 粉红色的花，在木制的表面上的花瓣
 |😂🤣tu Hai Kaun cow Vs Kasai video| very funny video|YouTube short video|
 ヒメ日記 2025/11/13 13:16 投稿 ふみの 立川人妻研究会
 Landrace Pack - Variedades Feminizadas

==

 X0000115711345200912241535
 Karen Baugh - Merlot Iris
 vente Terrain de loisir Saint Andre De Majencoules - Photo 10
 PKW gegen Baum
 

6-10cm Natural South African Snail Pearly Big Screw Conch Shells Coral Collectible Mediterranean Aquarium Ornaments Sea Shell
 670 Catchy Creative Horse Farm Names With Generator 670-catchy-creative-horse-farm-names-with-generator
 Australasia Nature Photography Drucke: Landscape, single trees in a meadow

▶ **Problem statement**
Using the listing above, return word for word each line from the one that has "Karen Baugh - Merlot Iris" through the one that has "Australasia Nature Photography", and no line outside that range.

▶ **Written answer**
 Karen Baugh - Merlot Iris
 vente Terrain de loisir Saint Andre De Majencoules - Photo 10
 PKW gegen Baum
 

6-10cm Natural South African Snail Pearly Big Screw Conch Shells Coral Collectible Mediterranean Aquarium Ornaments Sea Shell
 670 Catchy Creative Horse Farm Names With Generator 670-catchy-creative-horse-farm-names-with-generator
 Australasia Nature Photography Drucke: Landscape, single trees in a meadow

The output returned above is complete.